If you are facing different issue, please share your input Word document here for testing purposes. We will investigate the issue on our side and provide you more information.

Hi there,

Please use HtmlSaveOptions.ExportFontResources property to specify whether font resources should be exported to HTML, MHTML or EPUB. Please set the value of this property as true to get the required output. We are closing WORDSNET-13376 as ‘Not a bug’.

Document doc = new Document(MyDir + "in.docx");
HtmlSaveOptions so = new HtmlSaveOptions();
so.ExportFontResources = true;
so.SaveFormat = SaveFormat.Epub;
doc.Save(MyDir + "Out.epub", so);

Now Its showing fonts
bu there are two wrong displays
all non english characters are seperated
and rtl line shown as ltr lines
I found those

Hi there,

Thanks for your inquiry. To ensure a timely and accurate response, please attach the following resources here for testing:

  • Your input Word document
  • Please attach the output epub file that shows the undesired behavior.

As soon as you get these pieces of information ready, we’ll start investigation into your issue and provide you more information. Thanks for your cooperation.

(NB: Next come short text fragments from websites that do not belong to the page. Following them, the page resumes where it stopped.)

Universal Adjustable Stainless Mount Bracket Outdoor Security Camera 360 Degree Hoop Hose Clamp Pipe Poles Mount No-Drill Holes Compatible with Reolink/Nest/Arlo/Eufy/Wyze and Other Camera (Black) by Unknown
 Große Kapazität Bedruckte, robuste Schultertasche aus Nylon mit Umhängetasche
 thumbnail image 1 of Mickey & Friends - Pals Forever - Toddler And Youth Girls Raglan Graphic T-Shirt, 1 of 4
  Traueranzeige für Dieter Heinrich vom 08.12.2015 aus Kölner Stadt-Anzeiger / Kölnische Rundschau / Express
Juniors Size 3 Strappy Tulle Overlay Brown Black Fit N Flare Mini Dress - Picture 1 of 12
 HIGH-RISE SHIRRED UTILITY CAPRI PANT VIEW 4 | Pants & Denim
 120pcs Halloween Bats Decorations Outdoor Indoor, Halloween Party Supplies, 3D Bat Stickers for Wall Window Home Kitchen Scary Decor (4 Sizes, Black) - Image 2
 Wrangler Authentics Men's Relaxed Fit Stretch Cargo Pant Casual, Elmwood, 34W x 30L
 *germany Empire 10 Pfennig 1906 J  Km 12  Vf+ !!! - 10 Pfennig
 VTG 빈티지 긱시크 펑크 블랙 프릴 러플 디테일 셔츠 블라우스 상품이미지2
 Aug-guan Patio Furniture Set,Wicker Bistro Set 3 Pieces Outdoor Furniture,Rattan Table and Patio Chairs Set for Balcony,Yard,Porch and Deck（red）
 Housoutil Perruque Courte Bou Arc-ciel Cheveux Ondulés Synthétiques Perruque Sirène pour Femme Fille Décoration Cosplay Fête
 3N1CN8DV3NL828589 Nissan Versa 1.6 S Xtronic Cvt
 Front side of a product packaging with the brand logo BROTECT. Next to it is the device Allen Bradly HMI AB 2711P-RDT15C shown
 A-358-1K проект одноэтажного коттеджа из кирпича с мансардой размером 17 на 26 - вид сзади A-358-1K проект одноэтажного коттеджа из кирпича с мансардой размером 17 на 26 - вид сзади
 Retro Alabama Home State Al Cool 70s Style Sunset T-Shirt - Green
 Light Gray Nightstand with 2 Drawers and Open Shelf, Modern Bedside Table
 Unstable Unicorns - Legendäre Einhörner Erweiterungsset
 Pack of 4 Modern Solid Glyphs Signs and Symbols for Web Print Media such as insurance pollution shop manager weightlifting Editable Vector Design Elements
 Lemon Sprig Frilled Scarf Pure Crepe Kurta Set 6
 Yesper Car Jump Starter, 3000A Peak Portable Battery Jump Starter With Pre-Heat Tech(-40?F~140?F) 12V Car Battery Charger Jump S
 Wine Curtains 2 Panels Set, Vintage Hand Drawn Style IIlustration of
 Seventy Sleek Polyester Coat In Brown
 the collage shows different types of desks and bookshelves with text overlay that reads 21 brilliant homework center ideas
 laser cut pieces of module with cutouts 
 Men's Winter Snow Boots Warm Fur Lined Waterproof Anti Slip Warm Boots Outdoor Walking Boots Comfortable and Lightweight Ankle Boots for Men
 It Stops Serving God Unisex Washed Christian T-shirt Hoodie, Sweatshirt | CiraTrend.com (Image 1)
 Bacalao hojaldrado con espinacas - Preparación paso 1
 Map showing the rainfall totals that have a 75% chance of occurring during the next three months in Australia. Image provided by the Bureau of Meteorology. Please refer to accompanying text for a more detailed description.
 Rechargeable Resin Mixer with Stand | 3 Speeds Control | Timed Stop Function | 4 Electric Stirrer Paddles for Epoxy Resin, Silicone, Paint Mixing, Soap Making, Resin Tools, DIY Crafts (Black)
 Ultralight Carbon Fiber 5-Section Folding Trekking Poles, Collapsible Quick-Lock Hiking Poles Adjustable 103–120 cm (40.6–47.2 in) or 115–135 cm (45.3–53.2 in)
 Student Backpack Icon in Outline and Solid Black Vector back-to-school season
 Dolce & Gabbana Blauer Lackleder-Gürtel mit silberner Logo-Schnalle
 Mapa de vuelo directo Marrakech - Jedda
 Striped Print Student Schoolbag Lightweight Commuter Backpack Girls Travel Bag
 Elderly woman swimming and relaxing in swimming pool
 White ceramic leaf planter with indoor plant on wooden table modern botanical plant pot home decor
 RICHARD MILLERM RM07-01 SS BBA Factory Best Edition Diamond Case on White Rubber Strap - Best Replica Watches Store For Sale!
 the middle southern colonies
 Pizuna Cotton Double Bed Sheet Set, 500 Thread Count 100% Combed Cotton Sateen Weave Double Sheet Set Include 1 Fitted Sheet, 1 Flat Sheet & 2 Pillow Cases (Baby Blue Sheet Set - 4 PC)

PS: To attach these resources, please zip them and Click ‘Reply’ button that will bring you to the ‘reply page’ and there at the bottom you can include any attachments with that post by clicking the ‘Add/Update’ button.

ok

I prepared a simple word file with english and non english words

how ever you could create that simply

here there are 5 line with different format and styles in RTL LTR Bold and so on

after converting to epub as you see all non english word are seperated to characters

and all lines are LTR

and fonts are not as same as word.docx

and here is the code

Document wdoc = new Document(file);
HtmlSaveOptions so = new HtmlSaveOptions();
so.ExportFontResources = true;
so.SaveFormat = SaveFormat.Epub;
wdoc.Save("word converted.epub", so);

Hi there,

Thanks for sharing the document. We will inform you via this forum thread once this issue is resolved. We apologize for your inconvenience.

Hi there,

We have noticed that FBReader and Sony Reader for PC show the generated epub correctly. However, ADE 2 and ADE 3 can’t render some characters and have some problems with RTL text. This seems to be an issue with ADE.

Could you please share which epub readers you are using at your end?

thank you
Ive tested with ADE
so do you have any plan for ADE

Hi there,

Thanks for your feedback. This issue seems to be related to ADE. However, we will update you via this forum thread once there is any update available on this issue. Thanks for your patience.